▼

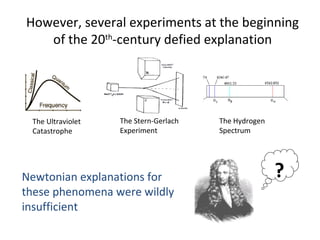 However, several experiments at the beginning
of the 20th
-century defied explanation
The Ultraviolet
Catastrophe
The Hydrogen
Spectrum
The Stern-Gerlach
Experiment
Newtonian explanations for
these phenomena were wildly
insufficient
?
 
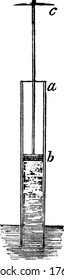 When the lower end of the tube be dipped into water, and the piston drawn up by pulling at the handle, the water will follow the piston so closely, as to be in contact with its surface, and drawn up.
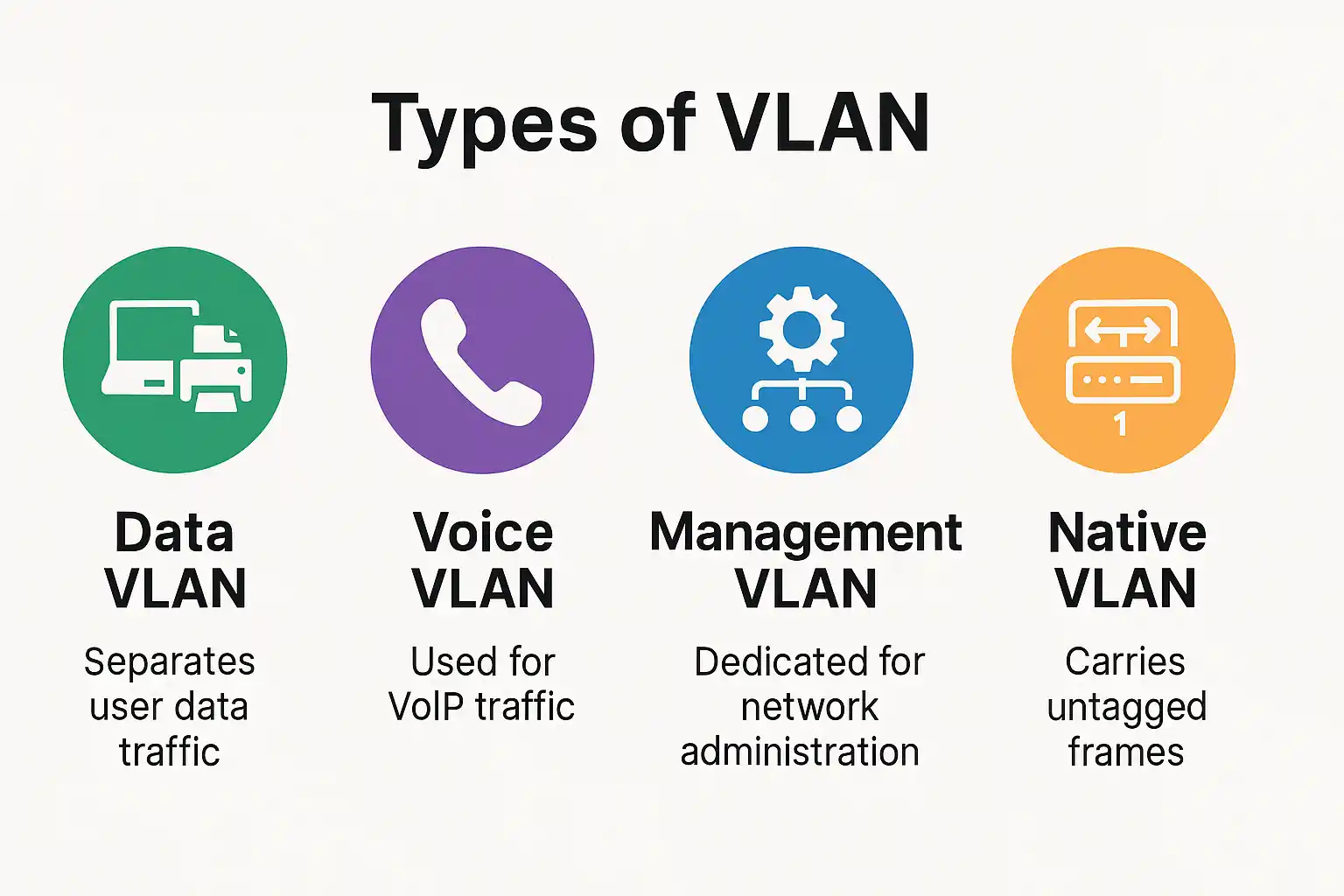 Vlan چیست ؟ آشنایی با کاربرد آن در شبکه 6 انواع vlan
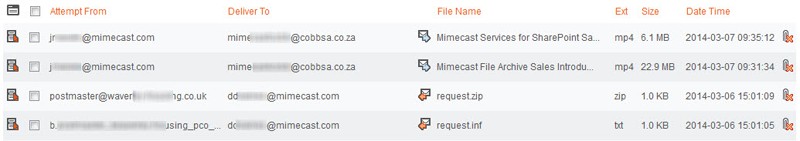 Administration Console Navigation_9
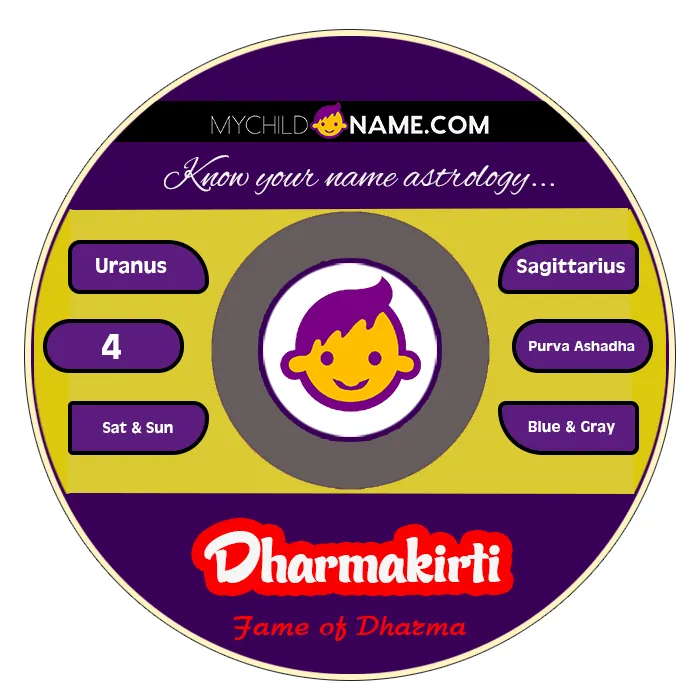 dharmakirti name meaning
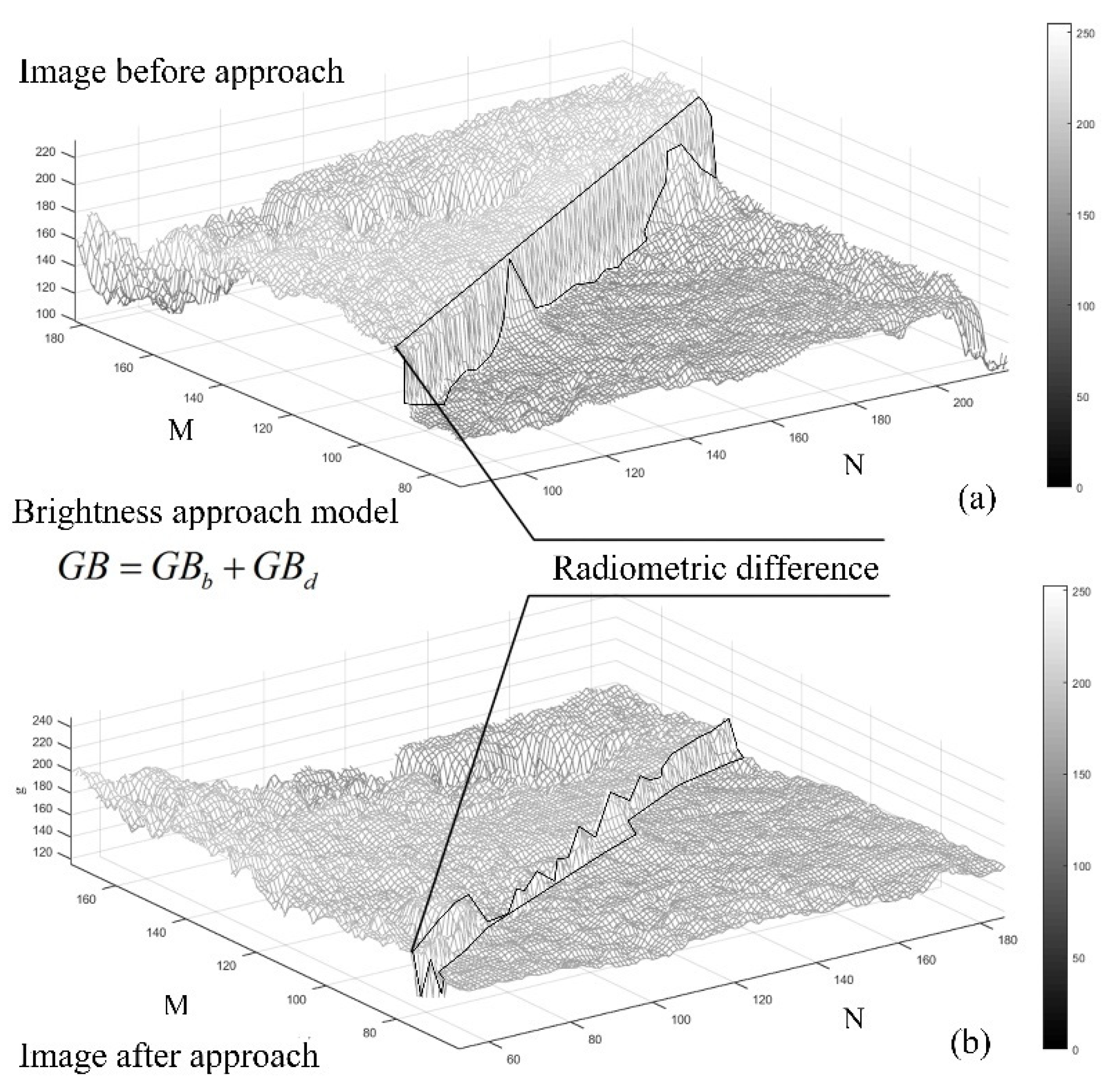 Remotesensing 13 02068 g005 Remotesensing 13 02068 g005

▲

→ **Exercise details**: Please return exactly, and only, the lines from the one containing "The Ultraviolet" through the end of the records, with both end lines kept and every picture dropped.

→ **Response box**:
The Ultraviolet
Catastrophe
The Hydrogen
Spectrum
The Stern-Gerlach
Experiment
Newtonian explanations for
these phenomena were wildly
insufficient
?
 
 When the lower end of the tube be dipped into water, and the piston drawn up by pulling at the handle, the water will follow the piston so closely, as to be in contact with its surface, and drawn up.
 Vlan چیست ؟ آشنایی با کاربرد آن در شبکه 6 انواع vlan
 Administration Console Navigation_9
 dharmakirti name meaning
 Remotesensing 13 02068 g005 Remotesensing 13 02068 g005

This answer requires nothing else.